I have a problem with my jQuery script that send data via POST method. The problem is whenever it sends data via Ajax that has an "&" ampersand in the sentence
You can use a native javascript escape() function
In line 74
data: : "&task_d=" + escape(task_d) + ""
Alternatively, you could enclose your query string values in quotes
data: : "&task_d='" + task_d + "'"
If you pass your data
parameter as a Javascript object, it will convert the characters for you (and IMO make the code look neater). So you should change your $.ajax call to the following:
data: {"user_id": user_id, "time_r": time_r, "task_d": task_d, "p_id": p_id, "df": finished},
htmlentites
This function is identical to htmlspecialchars() in all ways, except with htmlentites(), all characters which have HTML character entity equivalents are translated into these entities.
If you're wanting to decode instead (the reverse) you can use html_entity_decode().
Example:
echo htmlentities("&"); // &
if your directly doing this in the browser you should be able to use:
encodeURIComponent(string input);
Example:
encodeURIComponent($.trim($("input[name=t-tim_rendered-"+id+"]").val().toString()));
You could use 'encodeURIComponent' to accomplish the URL encoding for that component. I used this and validated with browsers IE, Firefox, and Chrome.
I've been having a huge problem exactly with this situation.
This is just to say that the last answer from Andrew Koester is the perfect answer I was looking for.

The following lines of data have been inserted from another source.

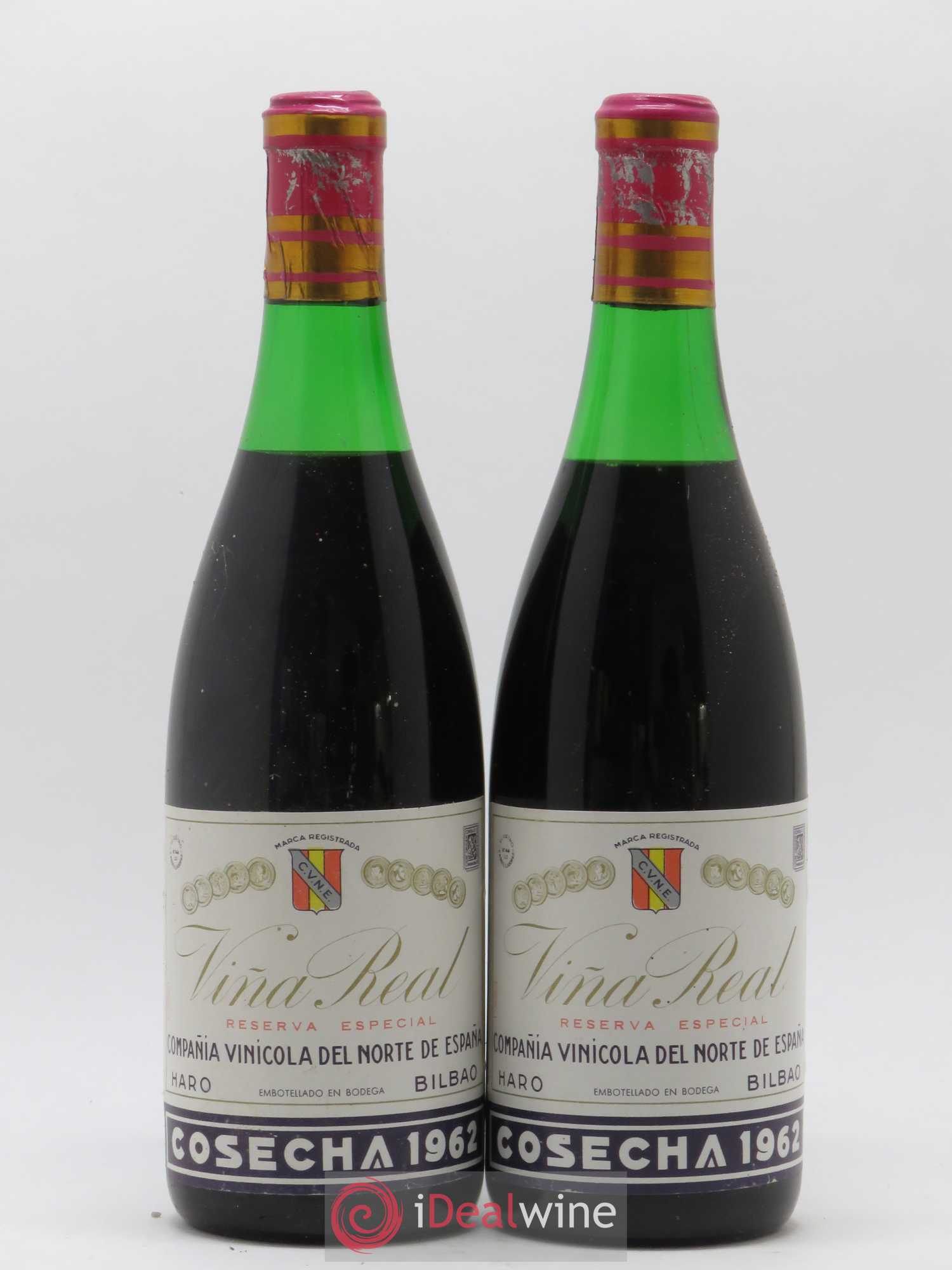 Rioja Vina Real Reserva Especial Compania Vinicola del Norte de Espana 1962 - Lot de 2 bouteilles - 0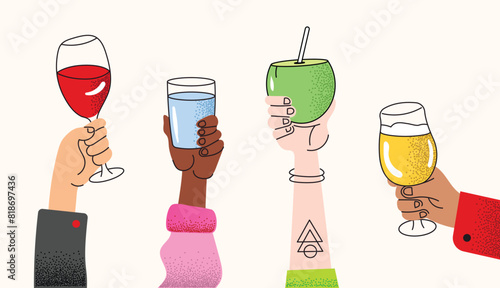 Celebration hands hold various drinks. Wineglass, water, coconut and beer. Multiethnic diversity. Hand drawn Vector illustration. Isolated design templates.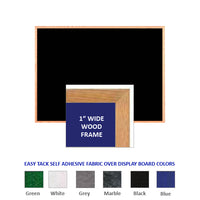 WOOD FRAMED 11x14 EASY TACK FABRIC BULLETIN BOARD (SHOWN IN LANDSCAPE ORIENTATION)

In case you are passing multiple form entries from a jQuery form to PHP through the .ajax() call like this:
data: "name=" + name + "&message=" + message + ...
DON'T USE THIS METHOD, it will block the ampersand(&) character from being written by the user on any of the input fields of your form.
Use this one instead as suggested by Andrew:
data: {"name": name, "email": email, "subject": subject, "comments": comments},
This way the user can write any kind of special character whithout worrying a about conflicting with the ajax declaration.